> **Work instruction**
The listing below holds a line with "2024 Hyundai ELANTRA Limited" and a later line with "EDITED Tapered Jeans 'Chelsea' in Gelb". Write out those two lines and every line between them, exactly, and nothing else.

> **Exercise data**
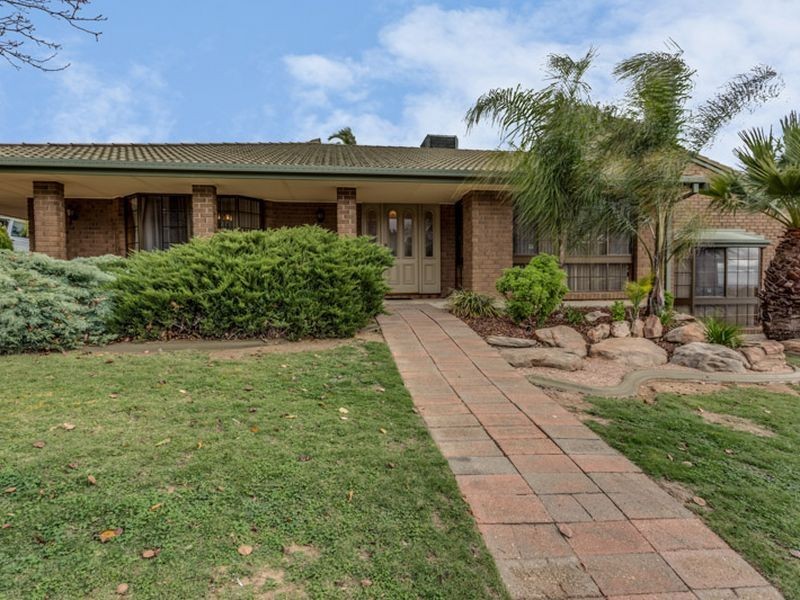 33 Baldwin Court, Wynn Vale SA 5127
--
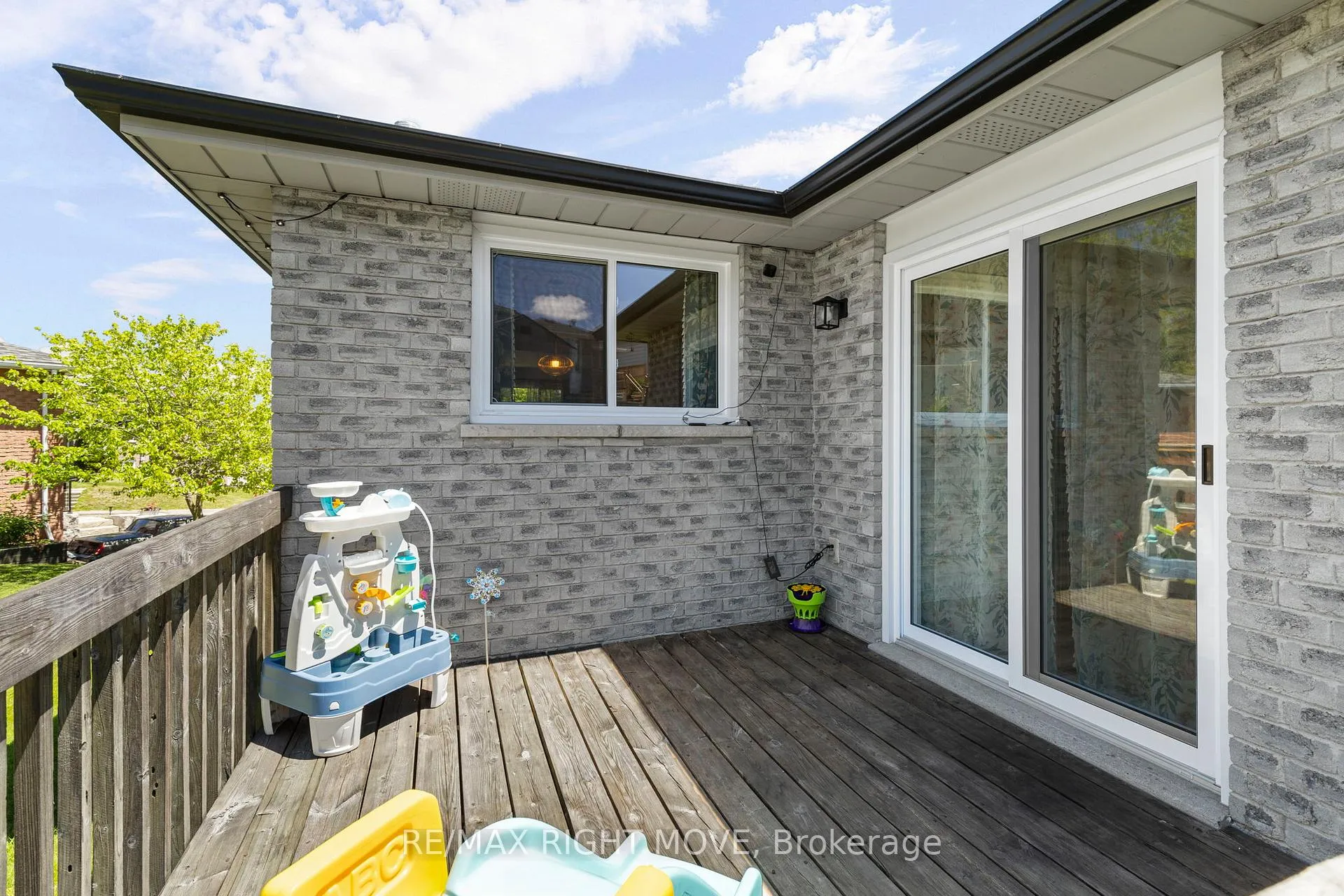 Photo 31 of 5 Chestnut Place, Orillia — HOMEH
---
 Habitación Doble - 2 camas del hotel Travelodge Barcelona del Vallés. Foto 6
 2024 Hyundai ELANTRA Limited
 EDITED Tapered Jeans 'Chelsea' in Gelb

> **Answer**
 2024 Hyundai ELANTRA Limited
 EDITED Tapered Jeans 'Chelsea' in Gelb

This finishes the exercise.